Segment Open

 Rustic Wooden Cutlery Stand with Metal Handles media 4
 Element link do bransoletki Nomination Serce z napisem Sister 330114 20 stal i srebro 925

Segment Closed
Segment Open

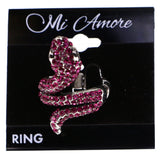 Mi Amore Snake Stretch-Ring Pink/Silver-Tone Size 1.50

Segment Closed
Segment Open

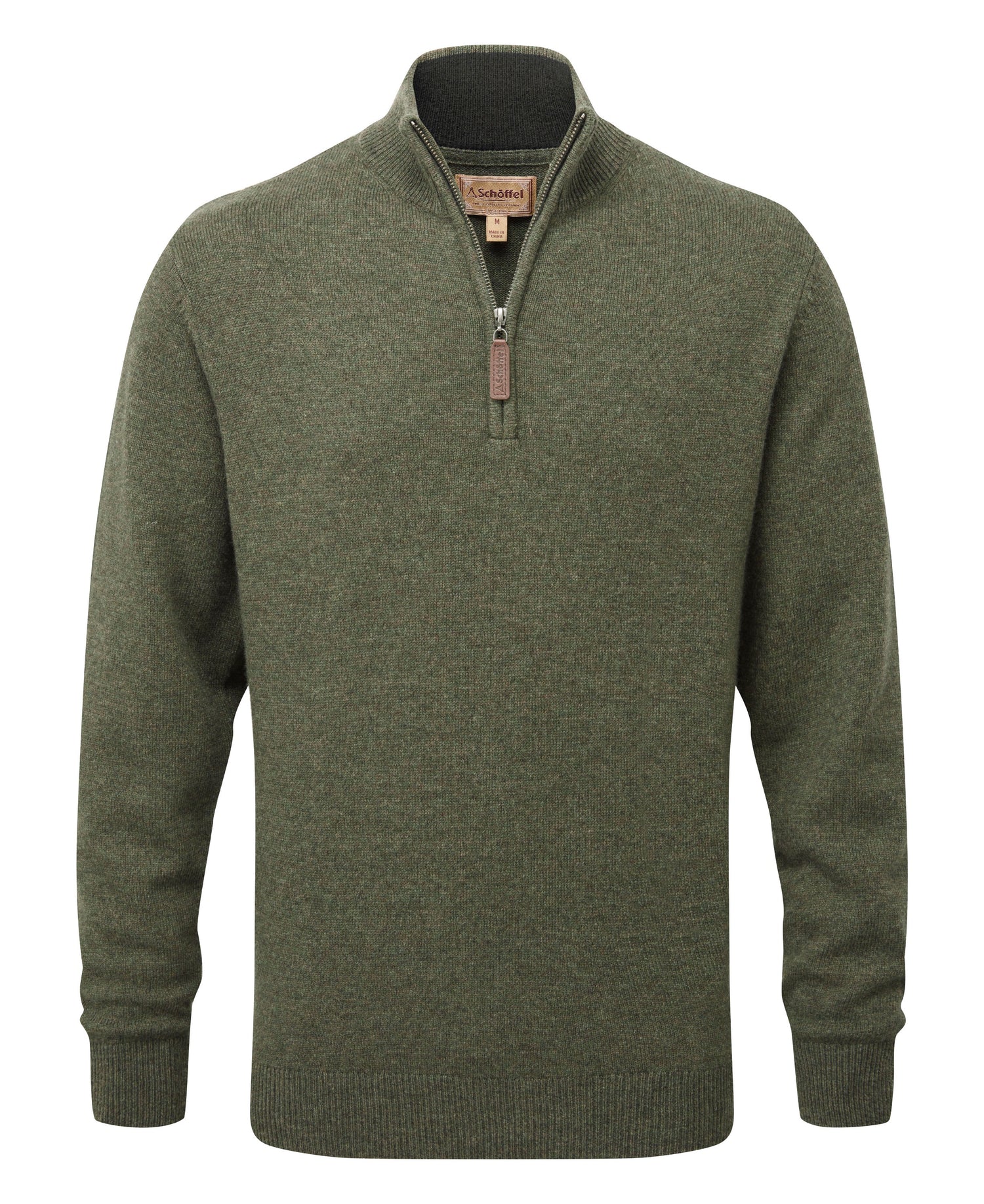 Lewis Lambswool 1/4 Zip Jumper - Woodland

Segment Closed

Task brief: The response should hold exactly the lines starting at the line with "Rustic Wooden Cutlery" and ending at the line with "Element link do", and no other line of the material above.

Result of the task:
 Rustic Wooden Cutlery Stand with Metal Handles media 4
 Element link do bransoletki Nomination Serce z napisem Sister 330114 20 stal i srebro 925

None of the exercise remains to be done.